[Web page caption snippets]

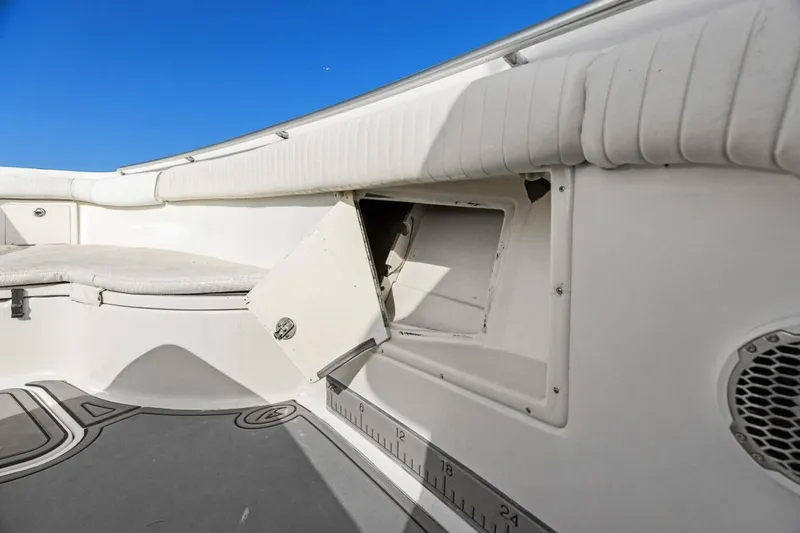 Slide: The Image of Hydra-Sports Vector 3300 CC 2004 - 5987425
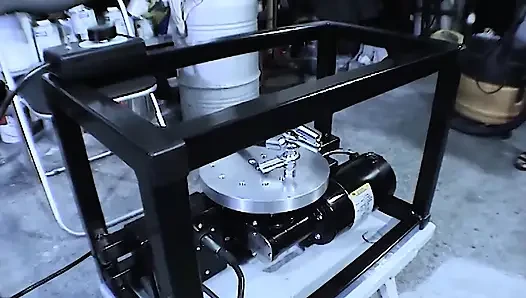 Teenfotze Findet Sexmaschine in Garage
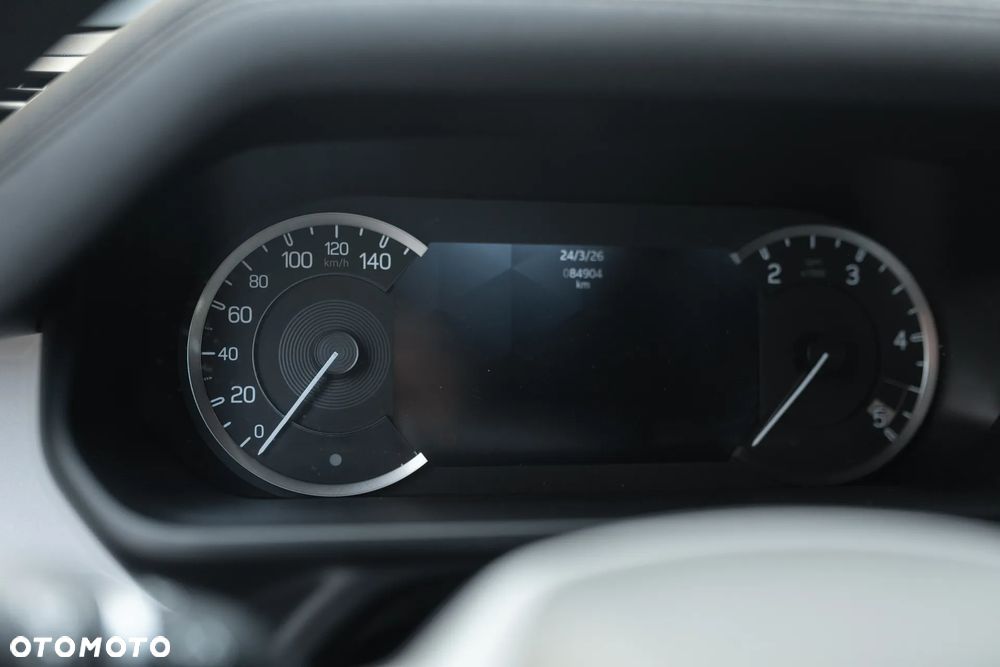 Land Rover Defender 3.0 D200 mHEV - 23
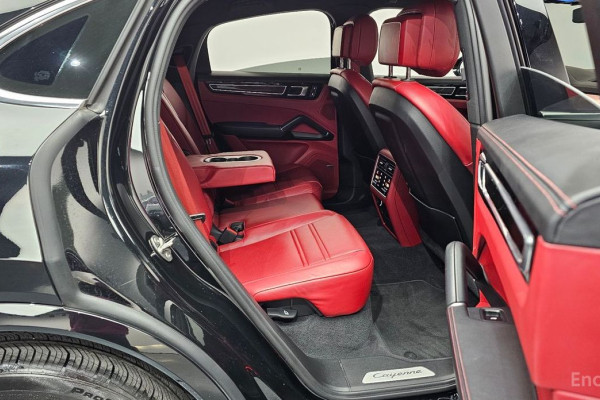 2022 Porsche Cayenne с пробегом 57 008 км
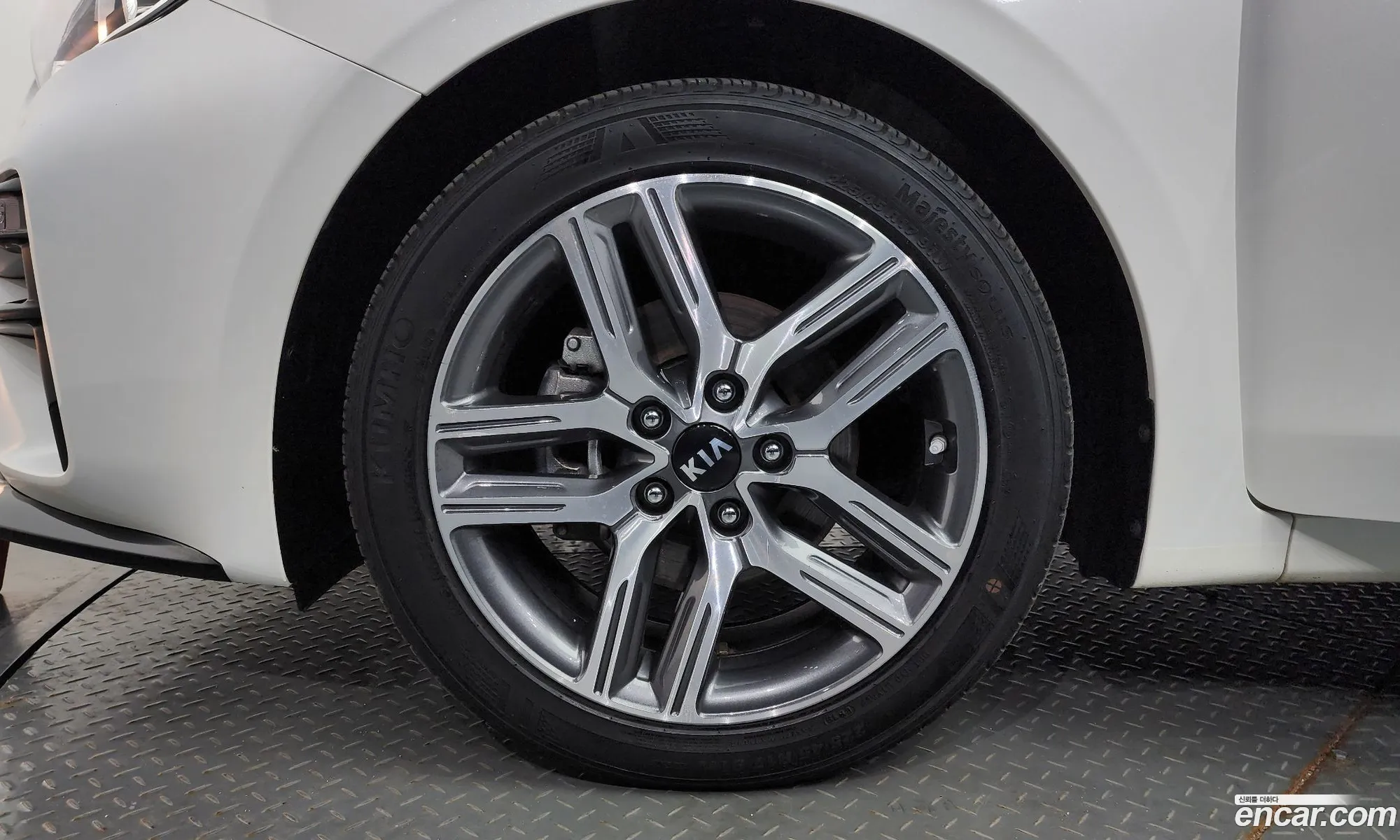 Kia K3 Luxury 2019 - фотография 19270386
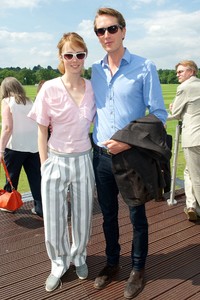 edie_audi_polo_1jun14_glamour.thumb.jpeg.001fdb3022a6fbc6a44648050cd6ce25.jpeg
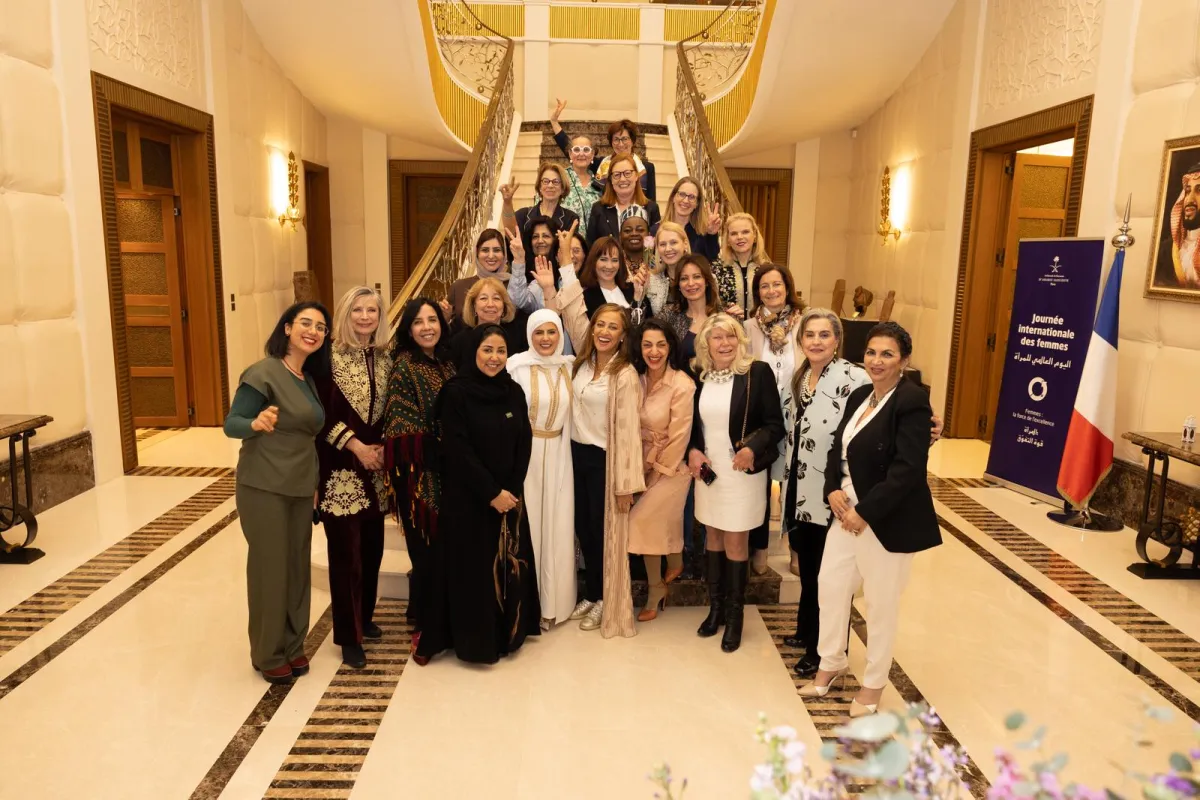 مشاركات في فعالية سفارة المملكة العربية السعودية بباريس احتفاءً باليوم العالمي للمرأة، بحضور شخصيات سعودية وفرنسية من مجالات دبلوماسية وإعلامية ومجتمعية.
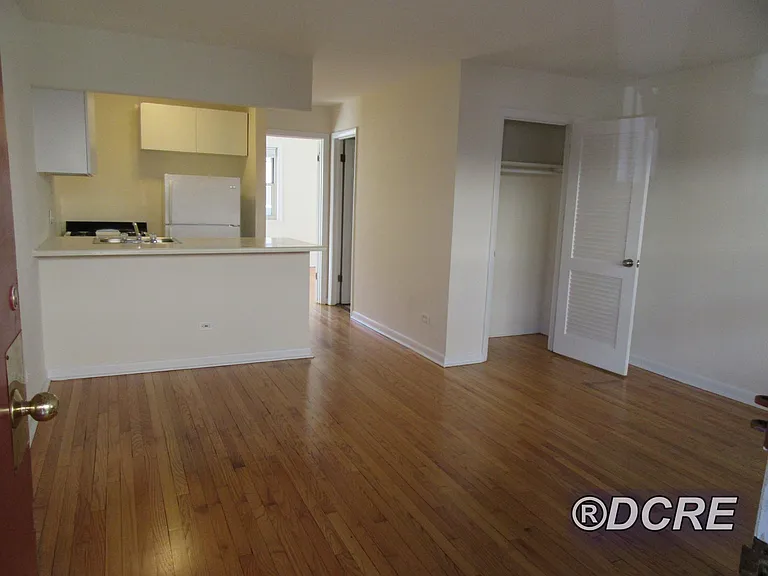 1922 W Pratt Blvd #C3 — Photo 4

■ Problem statement ■
From the first line to the last, repeat the data above exactly and leave the pictures out.

■ Finished task ■
 Slide: The Image of Hydra-Sports Vector 3300 CC 2004 - 5987425
 Teenfotze Findet Sexmaschine in Garage
 Land Rover Defender 3.0 D200 mHEV - 23
 2022 Porsche Cayenne с пробегом 57 008 км
 Kia K3 Luxury 2019 - фотография 19270386
 edie_audi_polo_1jun14_glamour.thumb.jpeg.001fdb3022a6fbc6a44648050cd6ce25.jpeg
 مشاركات في فعالية سفارة المملكة العربية السعودية بباريس احتفاءً باليوم العالمي للمرأة، بحضور شخصيات سعودية وفرنسية من مجالات دبلوماسية وإعلامية ومجتمعية.
 1922 W Pratt Blvd #C3 — Photo 4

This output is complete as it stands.